How to drop levels in R – Cleaning Up An Unused Factor

The action droplevels is utilized to drop untouched levels from a factor or, more generally, from factors in a data grid.

Implementation examples

## S3 approach for class ‘factor’
droplevels(x, exclude = if(anyNA(levels(x))) NULL else NA, …)
## S3 approach for class ‘data.frame’
droplevels(x, except, exclude, …)

x
an item from which to drop untouched factor levels.

exclude
passed to factor(); aspect levels which must be excluded from the result also if present. Remember that this was essentially NA in R less than/equal to 3.3.1 that did drop NA levels also when present in x, contradictory to the documentation. The current default is adaptable with x[ , drop=TRUE].**


further disputes passed to approaches

except
indices of lines from so not to drop levels

How droplevels works

The approach for class “factor” is currently comparable to factor(x, exclude=exclude). Concerning the data frame approach, you must rarely specify exclude “globally” for every factor columns; instead the default utilizes the exact factor-specific exclude as the factor approach itself.**

The except argument follow the usual indexing guidelines.

<strong>Amount</strong>

droplevels returns an object of the exact class as x

How to Utilize the droplevels Function in R

The droplevels() action in R can be utilized to drop untouched factor levels.

This action is particularly helpful if we desire to drop factor levels that are no longer utilized due to subsetting a vector or a data grid.

This action uses the next syntax:

droplevels(x)

where x is an item from where to drop untouched factor levels.**

aq : transform(airquality, Month = factor(Month, labels = month.abb[5:9]))
aq : subset(aq, Month != “Jul”)
table( aq $Month)
table(droplevels(aq)$Month)

droplevels: Drop Unused Levels from Factors

———————-

Note

It is mainly intended for cases which one or more factors in a data grid contains only items from a reduced level set following subsetting. (Remember that subsetting does not in general drop untouched levels). By preset, levels are dropped from every factor in a data grid, but the except dispute allows you to specify lines for which this is not needed.**

Also Note: subset for subsetting data grids. factor for explanation of factors. drop for dropping array dimensions. drop1 for dropping terms from a plan. [.factor for subsetting of factors.*”

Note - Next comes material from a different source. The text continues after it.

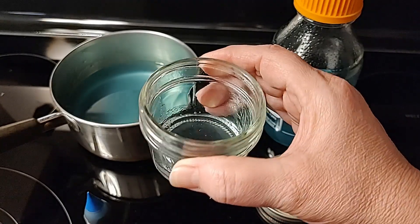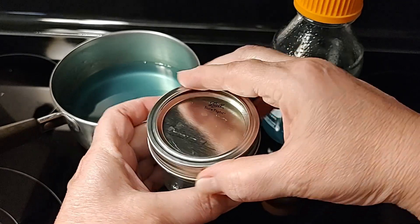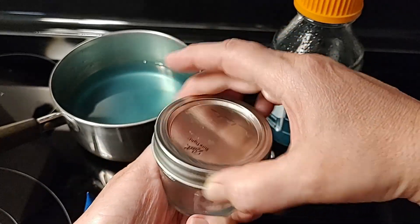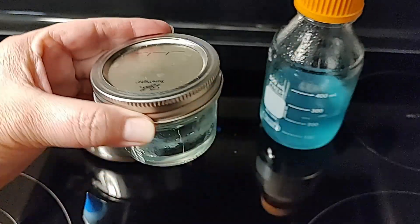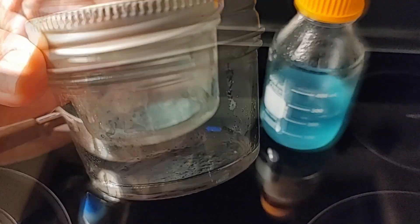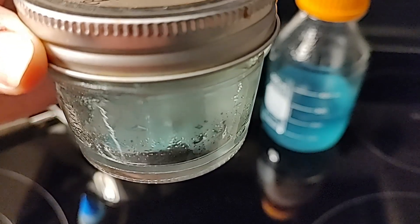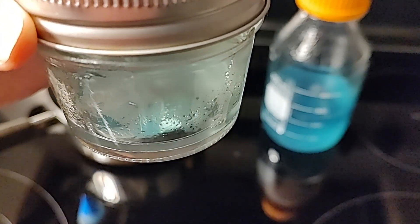So we do a water agar, an MEA, and an MYA. We color those in three different colors so we know which dish we're looking at, making it really easy to not confuse which recipe or agar dish you're looking at. This here in the video is an MEA recipe with the blue food coloring.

Excluding Levels from a Factor in R Programming – droplevels() Action
droplevels() action in R programming utilized to remove untouched levels from a Factor.

Syntax:
# For vector item
droplevels(x, exclude = if(anyNA(levels(x))) NULL else NA, …)

# For data grid object
droplevels(x, except, exclude)

Parameter amounts:
x represents object from which untouched level has to be dropped
exclude displays factor levels that must be excluded also if present
except represents indices of lines from which levels must not be dropped

———————

The except argument follow the usual indexing rules.

Below provides a couple examples of how to utilize this action in practice.

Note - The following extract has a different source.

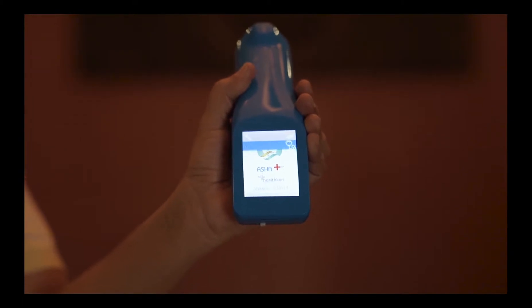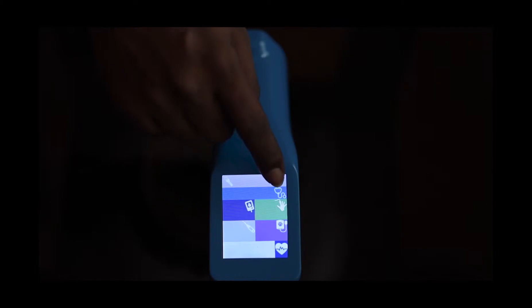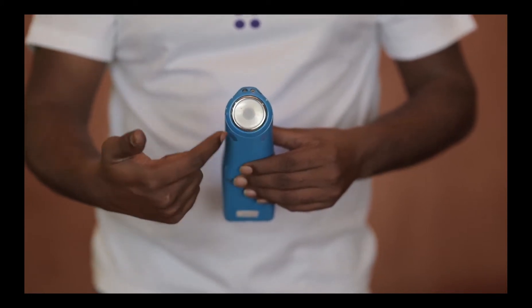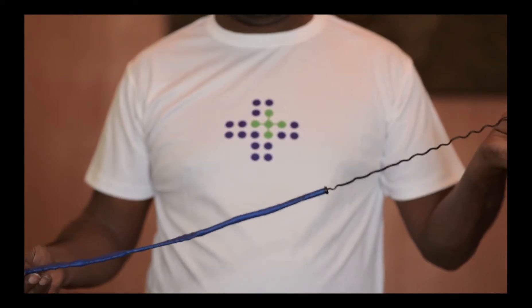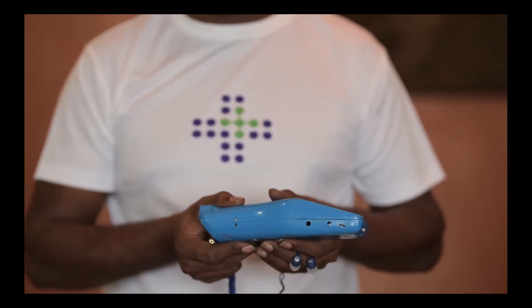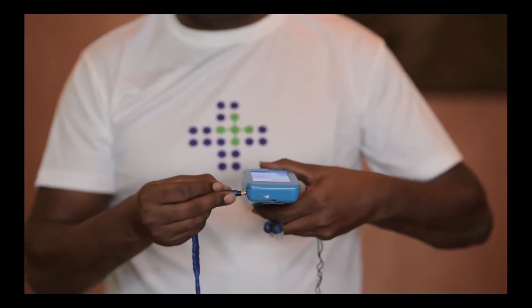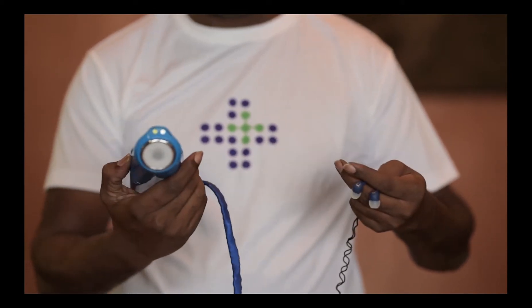This device needs to be switched on for starting the operation. We're going to be starting with auscultation. Auscultation is measured by the diaphragm as shown in the video. The headphones connect to the ASHA Plus device for the healthcare supervisor to monitor the heart and lung sounds. It is inserted as shown in the port. We are now ready to measure the heart and lung sounds.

Example 1: Drop Untouched Factor Levels in a Vector

Imagine creating a vector of information with five factor levels. Next suppose defining a new vector of information with only three of the default five factor levels.

#define information with 5 factor levels
data : factor(c(1, 2, 3, 4, 5))

#define new information as original information less 4th and 5th factor levels
new_data : data[-c(4, 5)]

#view new information
new_data

[1] 1 2 3
Levels: 1 2 3 4 5

Because the new data only includes three factors, we can view that it still includes the default five factor levels.

To remove these untouched factor levels, we can utilize the droplevels() action:

#drop untouched factor levels
new_data : droplevels(new_data)

#view data
new_data

[1] 1 2 3
Levels: 1 2 3

The new data now includes only three factor levels.

Example 2: Drop Untouched Factor Levels in a Data Grid

Imagine creating a data grid in which one of the variables is a factor with five levels. Next suppose we identified a new data grid that happens to exclude two of these factor levels:

#create data grid
df : data.frame(region=factor(c(‘A’, ‘B’, ‘C’, ‘D’, ‘E’)),
sales = c(13, 16, 22, 27, 34))

#view data grid
df

region sales
1 A 13
2 B 16
3 C 22
4 D 27
5 E 34

#define new data grid
new_df : subset(df, sales less than 25)

#view new data grid
new_df

region sales
1 A 13
2 B 16
3 C 22

#check levels of region variable
levels(new_df$region)

[1] “A” “B” “C” “D” “E”

Because the new data grid includes only three factors in the region line, it still includes the default five factor levels. Thus w
creating some issues if we attempted to create any plots utilizing this information.

To remove the untouched factor levels against the region variable, we can utilize the droplevels() action:

#drop untouched factor levels
new_df$region : droplevels(new_df$region)

#check levels of area variable
levels(new_df$region)

[1] “A” “B” “C”

Now the area variable only includes three factor levels.